Railgun addressed a number of problems for our customers at launch. Today, we have solutions available that solve the same range of challenges in significantly improved ways.
We do not have an exact like-for-like successor for Railgun. The solutions that solve the same set of problems have also evolved with our customers. Different use cases that customers deploy Railgun to address will map to different solutions available in Cloudflare today. We have broken out some of the most common reasons that customers used Railgun and where we recommend they consider migrating.
“I use Railgun to maintain a persistent, secure connection to Cloudflare’s network without the need for a static publicly available IP address.”

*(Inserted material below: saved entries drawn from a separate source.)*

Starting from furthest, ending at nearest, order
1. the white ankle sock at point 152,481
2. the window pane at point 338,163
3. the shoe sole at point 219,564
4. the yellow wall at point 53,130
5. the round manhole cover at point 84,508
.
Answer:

Customers can deploy Cloudflare Tunnel to connect their infrastructure to Cloudflare’s network without the need to expose a public IP address. Cloudflare Tunnel software runs in your environment, similar to the Railgun listener, and creates an outbound-only connection to Cloudflare’s network. Cloudflare Tunnel is available at no cost.
“I use Railgun to front multiple services running in my infrastructure.”
Cloudflare Tunnel can be deployed in this type of bastion mode to support multiple services running behind it in your infrastructure. You can use Tunnel to support services beyond just HTTP servers and you can deploy replicas of the Cloudflare Tunnel connector for high availability.
“I use Railgun for performance improvements.”
Cloudflare has invested significantly in performance upgrades in the eight years since the last release of Railgun. This list is not comprehensive, but highlights some areas where performance can be significantly improved by adopting newer services relative to using Railgun.
- Cloudflare Tunnel features Cloudflare’s Argo Smart Routing technology, a service that delivers both “middle mile” and last mile optimization, reducing round trip time by up to 40%. Web assets using Argo perform, on average, 30% faster overall.
- Cloudflare Network Interconnect (CNI) gives customers the ability to directly connect to our network, either virtually or physically, to improve the reliability and performance of the connection between Cloudflare’s network and your infrastructure. CNI customers have a dedicated on-ramp to Cloudflare for their origins.
“I use Railgun to reduce the amount of data that egresses from my infrastructure to Cloudflare.”
Certain public cloud providers charge egregious egress fees for you to move your own data outside of their environment. We believe that degrades an open Internet and locks in customers. We have spent the last several years investing in ways to reduce or eliminate these altogether.
- Members of the Bandwidth Alliance mutually agree to waive transfer fees. If your infrastructure runs in Oracle Cloud, Microsoft Azure, Google Cloud, Backblaze and more than a dozen other providers you pay zero cost to send data to Cloudflare.
- Cloudflare’s R2 storage product requires customers to pay zero egress fees as well. R2 provides global object storage with an S3-compatible API and easy migration to give customers the ability to build multi-cloud architectures.
From the time of this announcement, customers have eight months available to migrate away from Railgun. January 31, 2024 will be the last day that Railgun connections will be supported. Starting on February 1, 2024, existing Railgun connections will stop functioning.
Over the next few days we will prevent new Railgun deployments from being created. Zones with Railgun connections already established will continue to function during the migration window.